Alzheimer Disease Recognition Using Speech-Based Embeddings From Pre-Trained Models
(3 minutes introduction)
|Lara Gauder (UBA-CONICET ICC, Argentina), Leonardo Pepino (UBA-CONICET ICC, Argentina), Luciana Ferrer (UBA-CONICET ICC, Argentina), Pablo Riera (UBA-CONICET ICC, Argentina)|
This paper describes our submission to the ADreSSo Challenge, which focuses on the problem of automatic recognition of Alzheimer’s Disease (AD) from speech.
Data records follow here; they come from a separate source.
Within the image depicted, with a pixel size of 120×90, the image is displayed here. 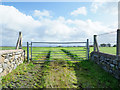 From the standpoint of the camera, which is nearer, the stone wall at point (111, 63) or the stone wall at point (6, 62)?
the stone wall at point (111, 63)

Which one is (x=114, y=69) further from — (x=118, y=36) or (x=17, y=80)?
(x=17, y=80)

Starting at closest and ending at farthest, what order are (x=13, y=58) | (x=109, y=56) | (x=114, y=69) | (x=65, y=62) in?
(x=114, y=69), (x=109, y=56), (x=13, y=58), (x=65, y=62)

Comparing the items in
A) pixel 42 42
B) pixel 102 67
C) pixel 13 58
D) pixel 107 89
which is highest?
pixel 42 42

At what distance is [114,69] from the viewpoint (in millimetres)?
4996

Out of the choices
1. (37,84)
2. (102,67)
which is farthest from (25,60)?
(102,67)

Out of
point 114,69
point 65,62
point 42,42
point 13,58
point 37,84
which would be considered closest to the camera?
point 37,84

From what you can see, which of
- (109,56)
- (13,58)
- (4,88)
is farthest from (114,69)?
(13,58)

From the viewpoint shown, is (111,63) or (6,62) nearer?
(111,63)

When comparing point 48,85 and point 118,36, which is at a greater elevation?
point 118,36

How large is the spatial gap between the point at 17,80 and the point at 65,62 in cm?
386

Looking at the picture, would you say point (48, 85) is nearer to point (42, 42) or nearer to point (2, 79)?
point (2, 79)

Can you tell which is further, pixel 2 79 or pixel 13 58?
pixel 13 58

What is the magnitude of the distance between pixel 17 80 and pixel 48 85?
5.15 ft

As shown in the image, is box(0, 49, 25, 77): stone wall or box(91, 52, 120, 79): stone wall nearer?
box(91, 52, 120, 79): stone wall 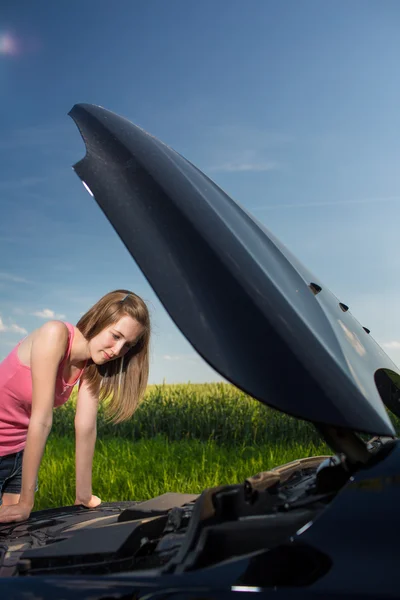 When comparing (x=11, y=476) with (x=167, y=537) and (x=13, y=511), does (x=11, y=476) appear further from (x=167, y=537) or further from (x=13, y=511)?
(x=167, y=537)

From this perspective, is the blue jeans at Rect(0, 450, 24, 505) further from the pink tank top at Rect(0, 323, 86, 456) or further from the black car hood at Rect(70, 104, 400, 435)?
the black car hood at Rect(70, 104, 400, 435)

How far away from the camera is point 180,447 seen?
5570 mm

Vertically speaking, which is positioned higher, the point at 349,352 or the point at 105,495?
the point at 349,352

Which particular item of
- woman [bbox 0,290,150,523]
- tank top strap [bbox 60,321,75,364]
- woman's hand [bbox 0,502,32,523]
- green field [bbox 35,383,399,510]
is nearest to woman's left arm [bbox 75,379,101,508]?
woman [bbox 0,290,150,523]

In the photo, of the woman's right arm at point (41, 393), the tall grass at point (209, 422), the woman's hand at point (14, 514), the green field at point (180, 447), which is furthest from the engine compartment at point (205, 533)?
the tall grass at point (209, 422)

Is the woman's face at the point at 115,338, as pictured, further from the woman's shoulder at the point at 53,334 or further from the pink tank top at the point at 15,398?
the pink tank top at the point at 15,398

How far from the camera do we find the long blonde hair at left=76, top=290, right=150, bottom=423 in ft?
8.77

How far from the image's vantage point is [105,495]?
4066 millimetres

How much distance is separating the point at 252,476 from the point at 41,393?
1.42 m

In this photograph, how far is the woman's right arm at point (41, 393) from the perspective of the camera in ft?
7.14

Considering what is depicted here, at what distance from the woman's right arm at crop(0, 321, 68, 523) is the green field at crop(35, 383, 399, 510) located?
1.83 metres

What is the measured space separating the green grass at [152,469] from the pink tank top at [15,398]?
4.12ft

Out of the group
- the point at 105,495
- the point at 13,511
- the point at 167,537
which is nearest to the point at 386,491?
the point at 167,537

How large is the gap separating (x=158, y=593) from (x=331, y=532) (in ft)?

The audio samples contain speech from the subjects describing a picture with the guidance of an experimenter. Our approach to the problem is based on the use of embeddings extracted from different pre-trained models — trill, allosaurus, and wav2vec 2.0 — which were trained to solve different speech tasks. These features are modeled with a neural network that takes short segments of speech as input, generating an AD score per segment. The final score for an audio file is given by the average over all segments in the file. We include ablation results to show the performance of different feature types individually and in combination, a study of the effect of the segment size, and an analysis of statistical significance. Our results on the test data for the challenge reach an accuracy of 78.9%, outperforming both the acoustic and linguistic baselines provided by the organizers.